TASK STATEMENT –
In the records below, find the line with "Глоксиния Кайзер Вильгельм луковицы 4/5 2" and the line with "Sérénité Féline - Hôtel". Print both exactly, along with every line between them, and no other line.

DATASET ENTRIES –
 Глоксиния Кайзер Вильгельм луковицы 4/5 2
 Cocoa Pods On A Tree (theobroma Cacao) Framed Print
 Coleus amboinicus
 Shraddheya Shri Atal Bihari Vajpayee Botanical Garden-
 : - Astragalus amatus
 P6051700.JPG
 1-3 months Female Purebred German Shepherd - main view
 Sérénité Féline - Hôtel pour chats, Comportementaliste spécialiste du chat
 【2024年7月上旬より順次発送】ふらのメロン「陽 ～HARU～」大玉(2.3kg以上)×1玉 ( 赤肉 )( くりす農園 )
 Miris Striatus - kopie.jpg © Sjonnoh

==

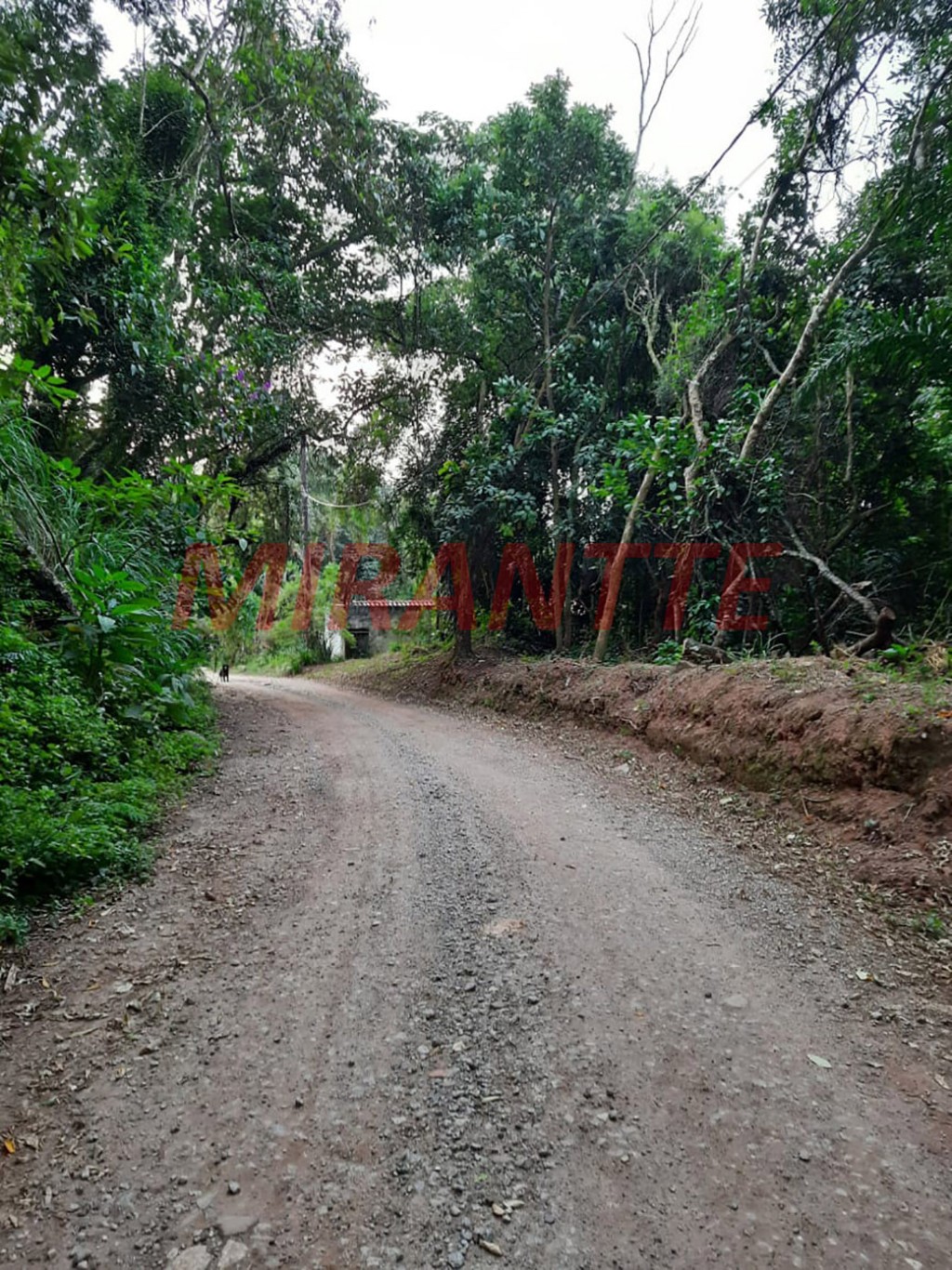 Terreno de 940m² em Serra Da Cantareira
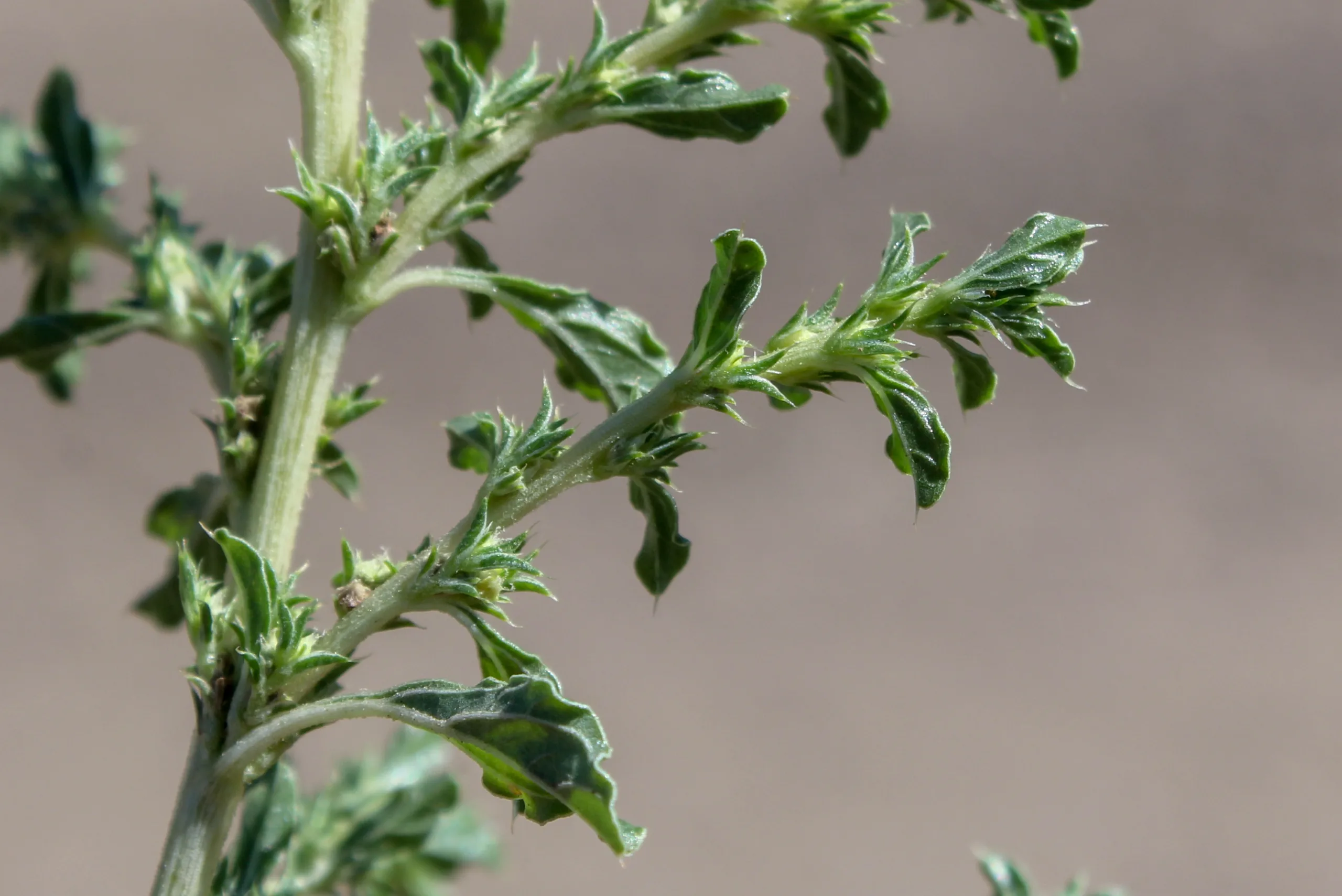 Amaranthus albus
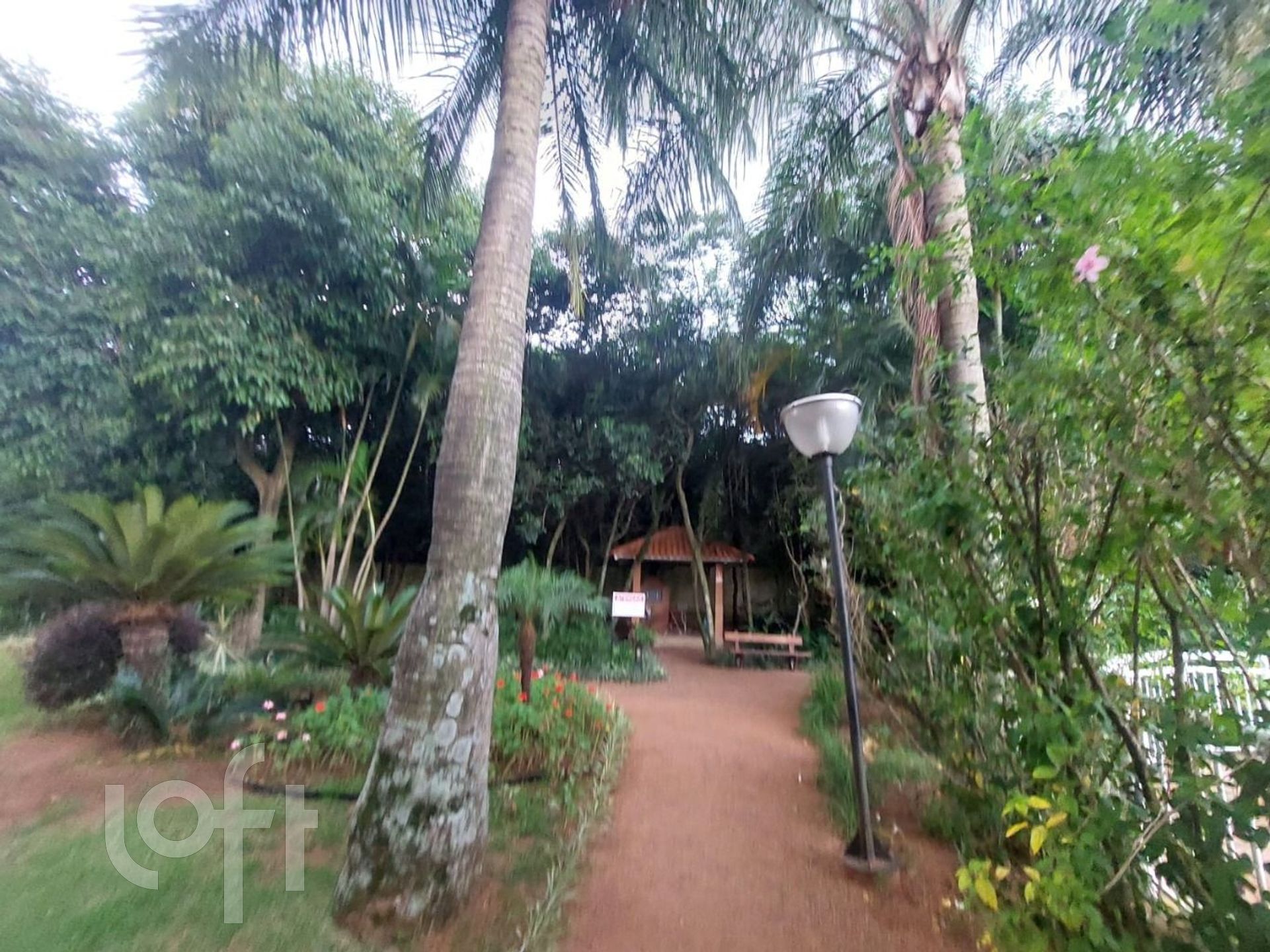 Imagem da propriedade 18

==

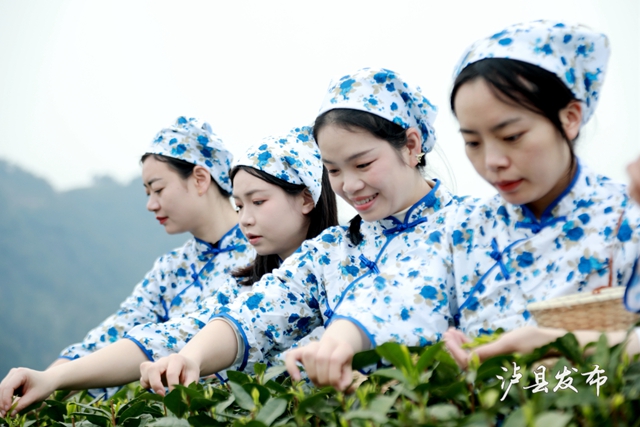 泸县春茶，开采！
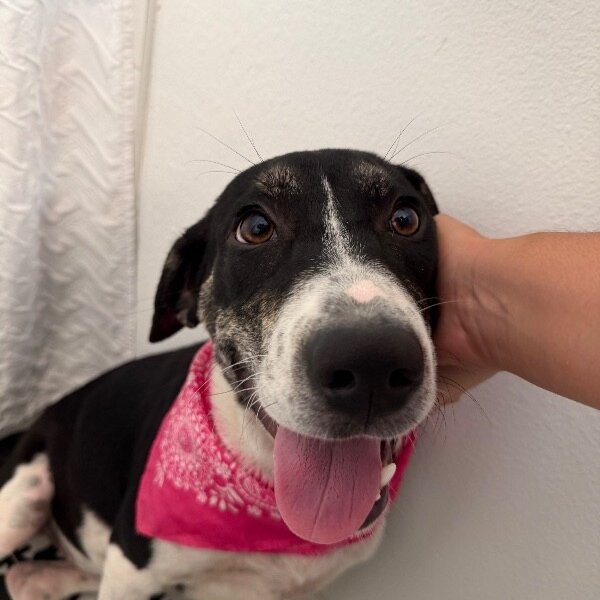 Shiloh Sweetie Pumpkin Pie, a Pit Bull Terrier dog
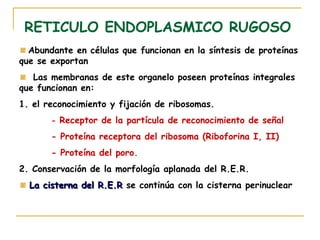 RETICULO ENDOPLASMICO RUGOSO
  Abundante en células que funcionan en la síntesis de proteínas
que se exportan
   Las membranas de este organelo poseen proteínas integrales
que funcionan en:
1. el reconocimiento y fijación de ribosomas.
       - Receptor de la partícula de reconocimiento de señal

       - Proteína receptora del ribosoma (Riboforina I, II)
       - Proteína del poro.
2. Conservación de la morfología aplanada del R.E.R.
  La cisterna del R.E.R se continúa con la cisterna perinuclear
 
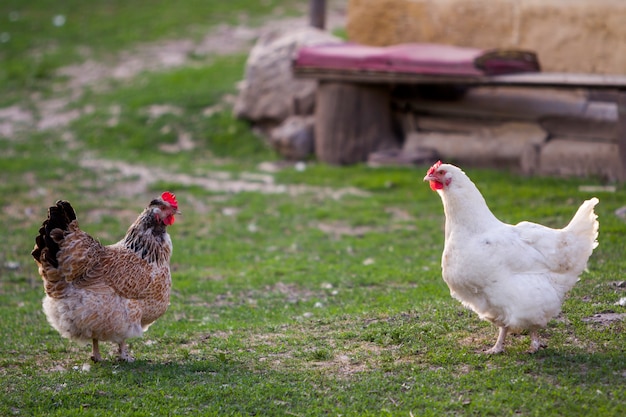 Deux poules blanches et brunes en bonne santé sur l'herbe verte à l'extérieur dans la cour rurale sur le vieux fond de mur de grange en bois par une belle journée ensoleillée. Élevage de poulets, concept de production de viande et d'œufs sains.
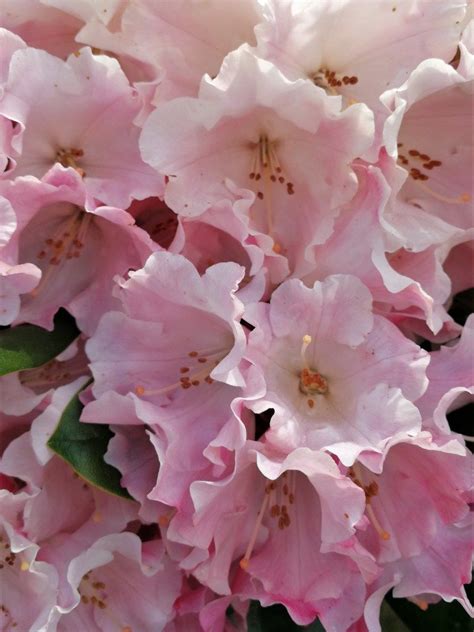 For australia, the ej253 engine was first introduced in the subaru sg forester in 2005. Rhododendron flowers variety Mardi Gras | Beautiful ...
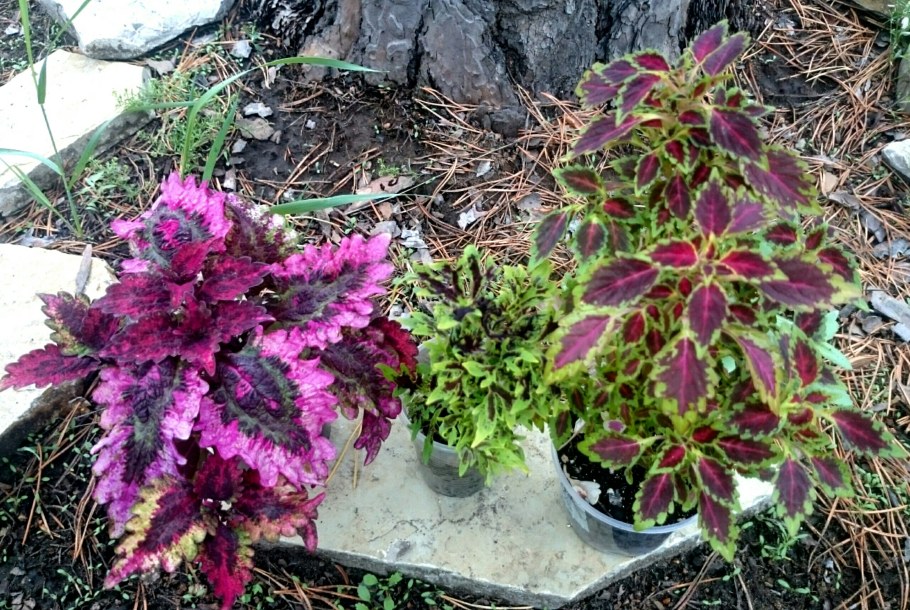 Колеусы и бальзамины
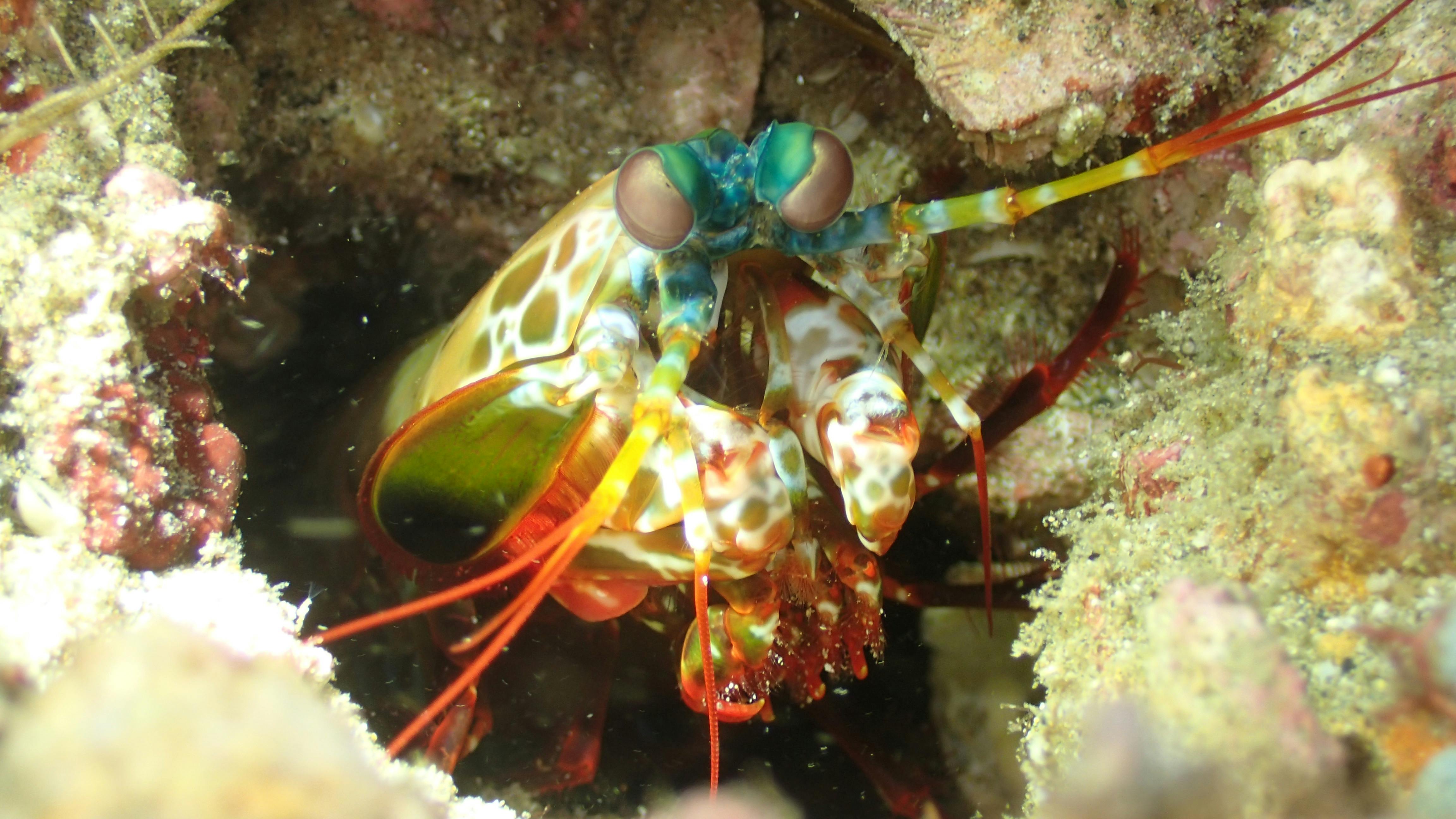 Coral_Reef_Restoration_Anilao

TASK RESPONSE –
 Глоксиния Кайзер Вильгельм луковицы 4/5 2
 Cocoa Pods On A Tree (theobroma Cacao) Framed Print
 Coleus amboinicus
 Shraddheya Shri Atal Bihari Vajpayee Botanical Garden-
 : - Astragalus amatus
 P6051700.JPG
 1-3 months Female Purebred German Shepherd - main view
 Sérénité Féline - Hôtel pour chats, Comportementaliste spécialiste du chat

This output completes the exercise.